== INPUT RECORDS

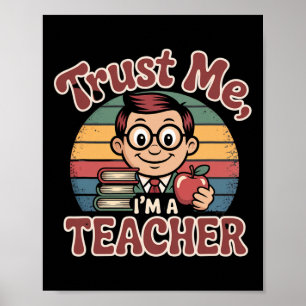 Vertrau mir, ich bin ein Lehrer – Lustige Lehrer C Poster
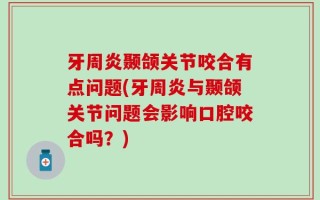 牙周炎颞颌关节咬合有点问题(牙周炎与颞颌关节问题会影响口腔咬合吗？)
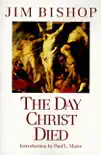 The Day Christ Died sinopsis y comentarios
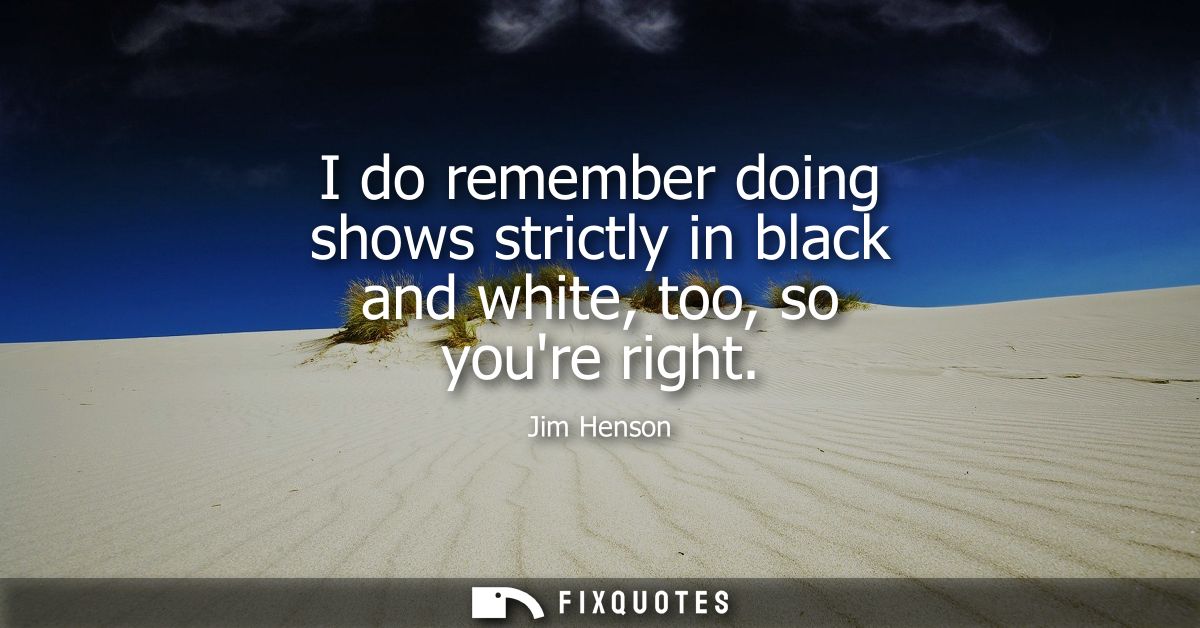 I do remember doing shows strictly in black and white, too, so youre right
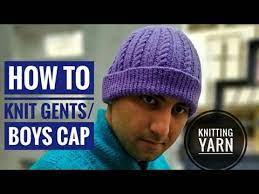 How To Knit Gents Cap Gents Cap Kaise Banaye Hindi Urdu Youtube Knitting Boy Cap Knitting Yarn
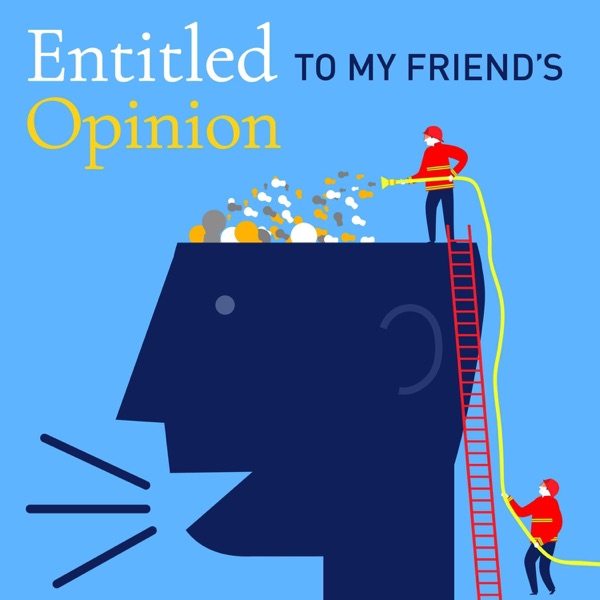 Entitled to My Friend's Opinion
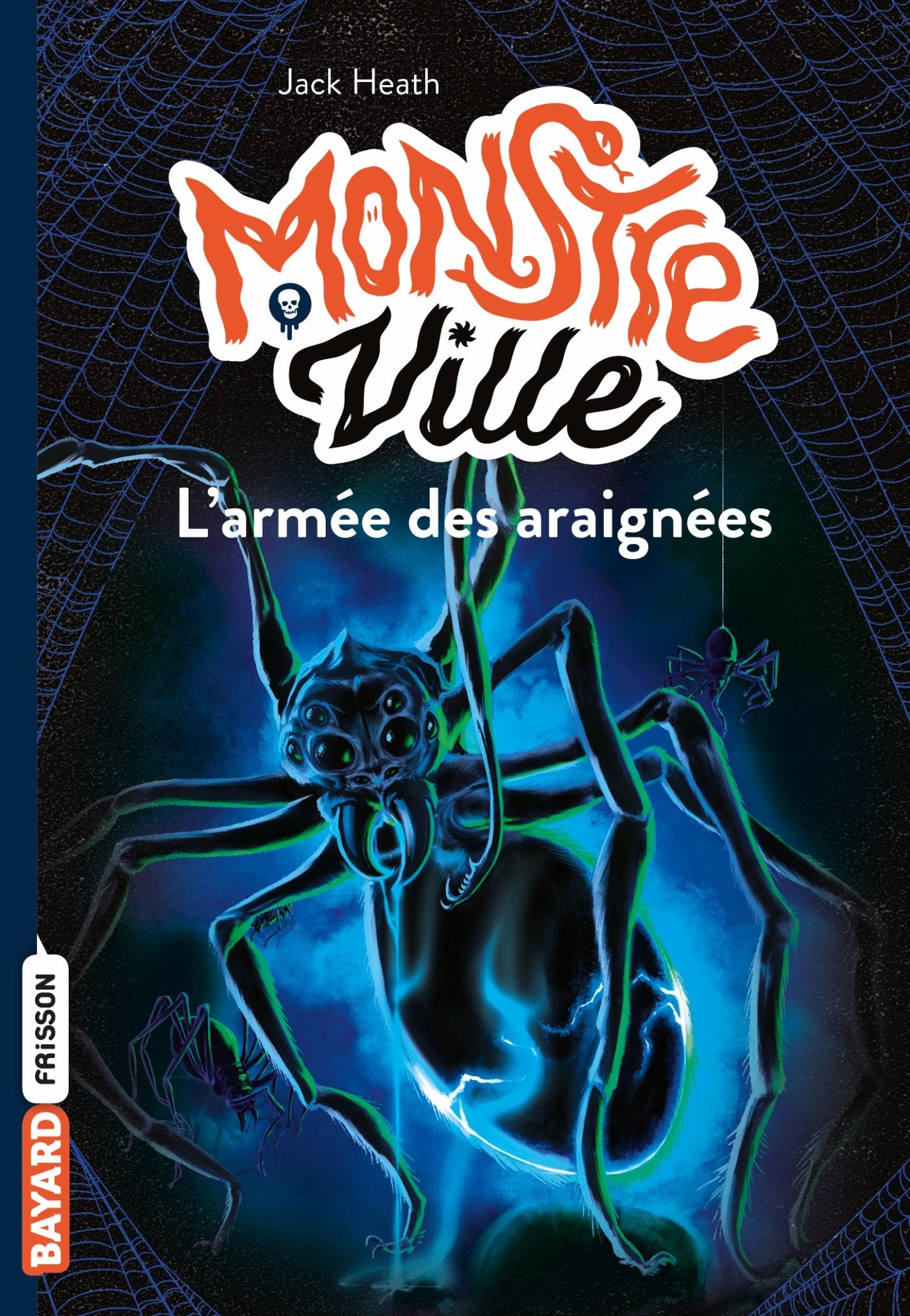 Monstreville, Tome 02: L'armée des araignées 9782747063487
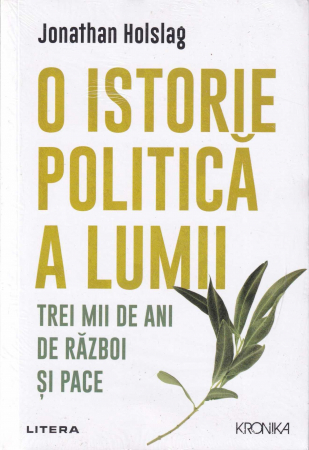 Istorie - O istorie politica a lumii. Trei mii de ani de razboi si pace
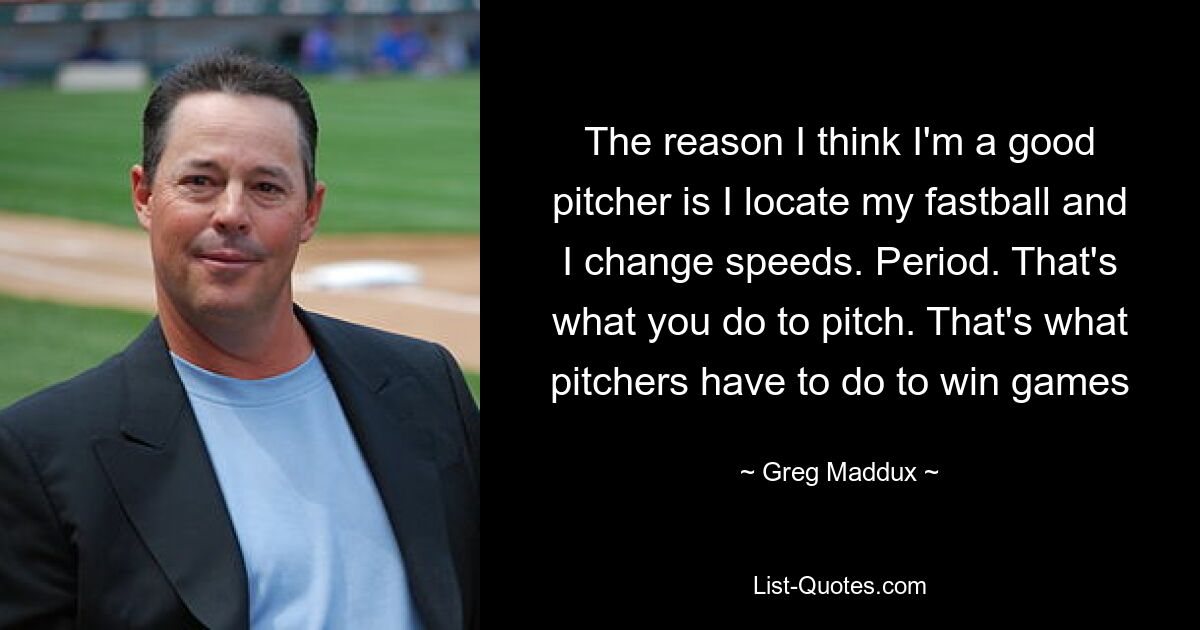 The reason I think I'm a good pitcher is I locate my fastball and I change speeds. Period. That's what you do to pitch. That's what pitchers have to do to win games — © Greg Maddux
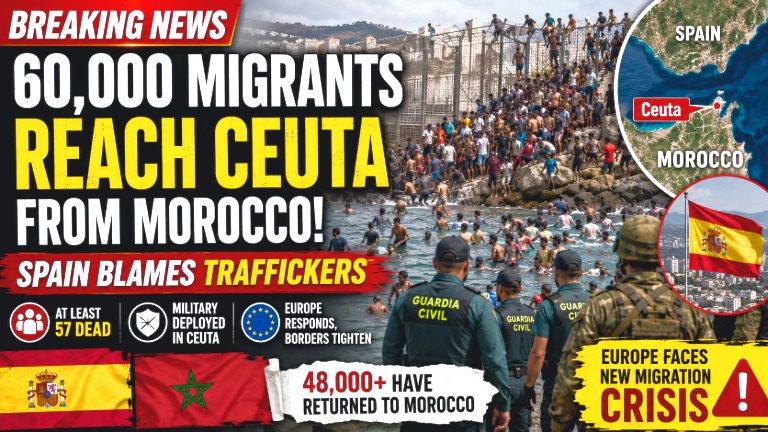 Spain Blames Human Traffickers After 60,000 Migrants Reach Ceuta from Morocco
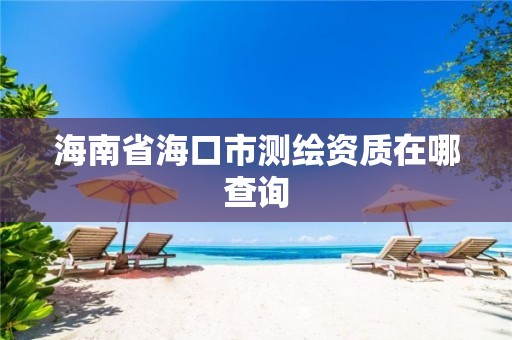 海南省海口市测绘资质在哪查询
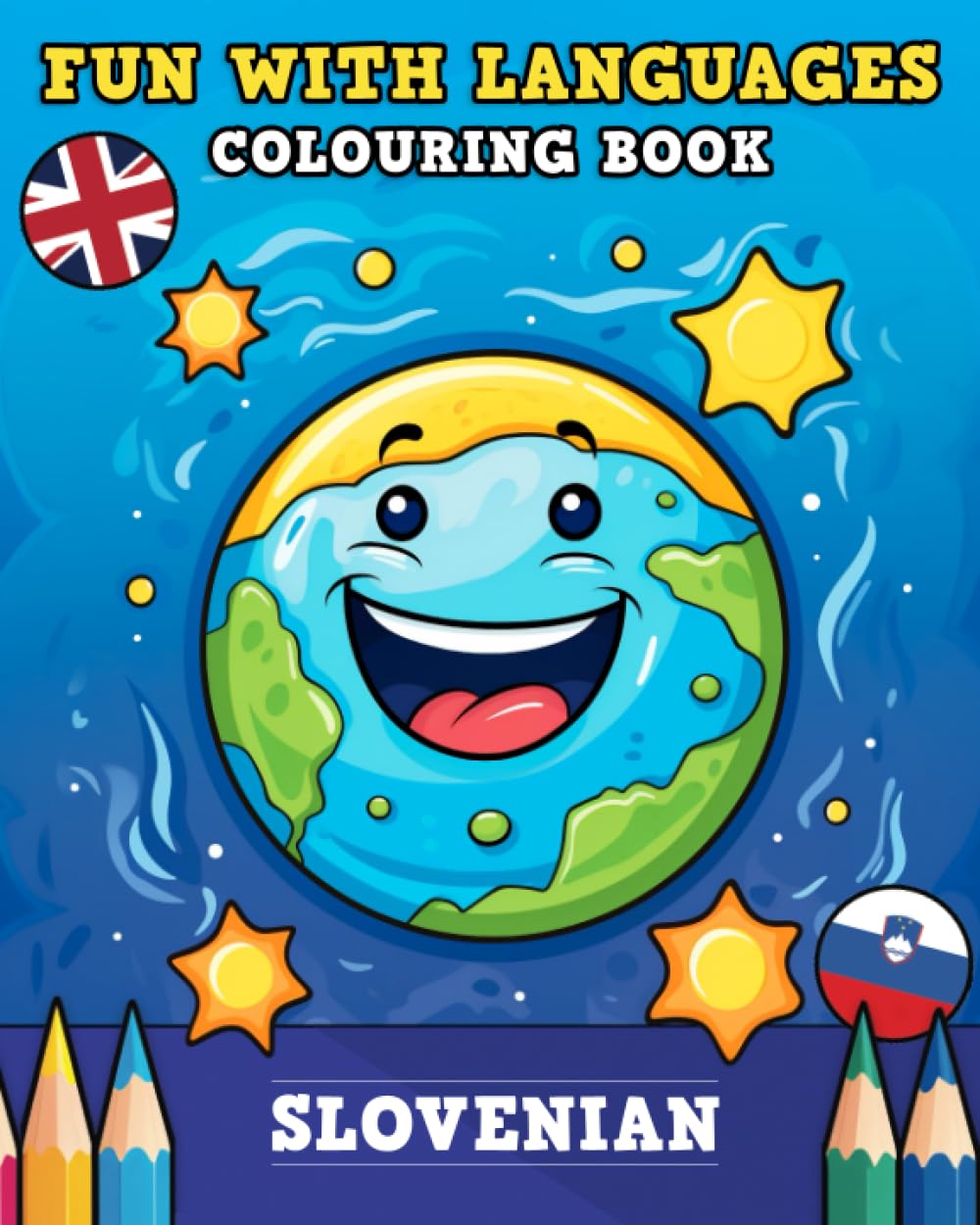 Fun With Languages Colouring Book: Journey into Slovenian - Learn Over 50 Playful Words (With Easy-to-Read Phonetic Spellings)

====

*WHAT NEEDS TO BE DONE:*
Retype only the lines that run from the first line of the entries above to the line containing "How To Knit", both included. Do not carry over any pictures.

*RESULT OF THE TASK:*
 Vertrau mir, ich bin ein Lehrer – Lustige Lehrer C Poster
 牙周炎颞颌关节咬合有点问题(牙周炎与颞颌关节问题会影响口腔咬合吗？)
 The Day Christ Died sinopsis y comentarios
 I do remember doing shows strictly in black and white, too, so youre right
 How To Knit Gents Cap Gents Cap Kaise Banaye Hindi Urdu Youtube Knitting Boy Cap Knitting Yarn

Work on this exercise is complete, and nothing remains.